C. Defendants Cannot Establish a Basis for a Claim of Vindictive Prosecution.

Defendants also should be barred from making arguments or presenting evidence suggesting that the government has acted vindictively in accepting information from various sources, including the Florida Department of Citrus, and in prosecuting this matter. Vindictive prosecution involves prosecutorial conduct taken to deter the exercise of a protected right by the person being prosecuted. United States v. Anderson, 923 F.2d at 453. To establish a claim of vindictive prosecution, a defendant "must show that the prosecutor has some 'stake' in deterring the petitioner's exercise of his rights, and that the prosecutor's conduct was somehow unreasonable." Id., at 453-54.

Defendants have made no showing that they can satisfy either prong of this test. The defendants have identified no constitutional right that they were exercising, much less a "stake" that the federal government has in deterring such a right.

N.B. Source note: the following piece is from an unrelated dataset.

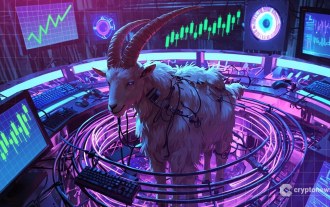 Goatseus Maximus (GOAT) Skyrockets 540% Post-Launch, Nearing Top 10 Meme Coins by Market Cap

On the basis of prior pleadings, the government expects that defendants may seek to argue that they are innocent victims of a plot by entities such as the Florida Department of Citrus, which purportedly had a competitive interest in seeing defendants prosecuted, and that these entities are somehow solely responsible for the federal government's prosecution of this matter. Other than make this claim, however, defendants have yet to offer any evidence supporting this conspiracy theory. Nor can they be expected to do so, particularly in light of the fact that co-conspirator XXXXX XXXXXX and co-defendant XXXX XXXXXX XXXXXXXX have already agreed to plead guilty to charges in connection with their participation in defendants' illegal conspiracy.

Absent a prima facie showing which raises a reasonable doubt as to the government's purpose in prosecuting this matter as retaliation for defendants' legitimate exercise of their constitutional rights, defendants should be barred from making such claims to the jury.[FN6] Cf. United States v. Hazel, 696 F.2d at 475.

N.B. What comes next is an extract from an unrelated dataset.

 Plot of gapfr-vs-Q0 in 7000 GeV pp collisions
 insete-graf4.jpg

FN6. As the Sixth Circuit recently observed, certain lines of questioning by defense counsel--even if claimed to be offered for the purpose of eliciting the government's bias in prosecuting the case--may be excluded when that testimony is likely to confuse the jury as to the real issues in the case. United States v. Burge, 990 F.2d 244, 249 (6th Cir. 1992). In Burge, the Sixth Circuit upheld the decision to limit a defendant's direct examination of an investigating government agent who was not called as a witness by the government at trial, observing that "[t]rial judges retain wide latitude insofar as the Confrontation Clause is concerned to impose reasonable limits on . . . cross-examination based on concerns about, among other things, harassment, prejudice, confusion of the issues, the witness' safety, or interrogation that is repetitive or only marginally relevant." Id., at 249 (quoting Delaware v. Van Arsdall, 475 U.S. 673, 679 (1986)). The logic underlying the trial court's decision in Burge is equally applicable in this case, where the "heart of the government's case" (id.) consists of testimony of people involved in the events at issue, and physical evidence. Thus, evidence of the government's "motives in prosecuting the defendant would not, in any significant way, reflect on the credibility of those witnesses[,]" and can properly be excluded. Id.

III. CONCLUSIONExamination of witnesses and argument at trial regarding the topics discussed above would needlessly prolong the trial and confuse the jury. As shown above, this evidence and argument relates to no legitimate defense, and can properly be excluded. Accordingly, the Court should exclude all evidence and argument regarding allegations of selective or vindictive prosecution, and should not allow defendants to inject claims that private parties had an improper influence in the decision to prosecute this case.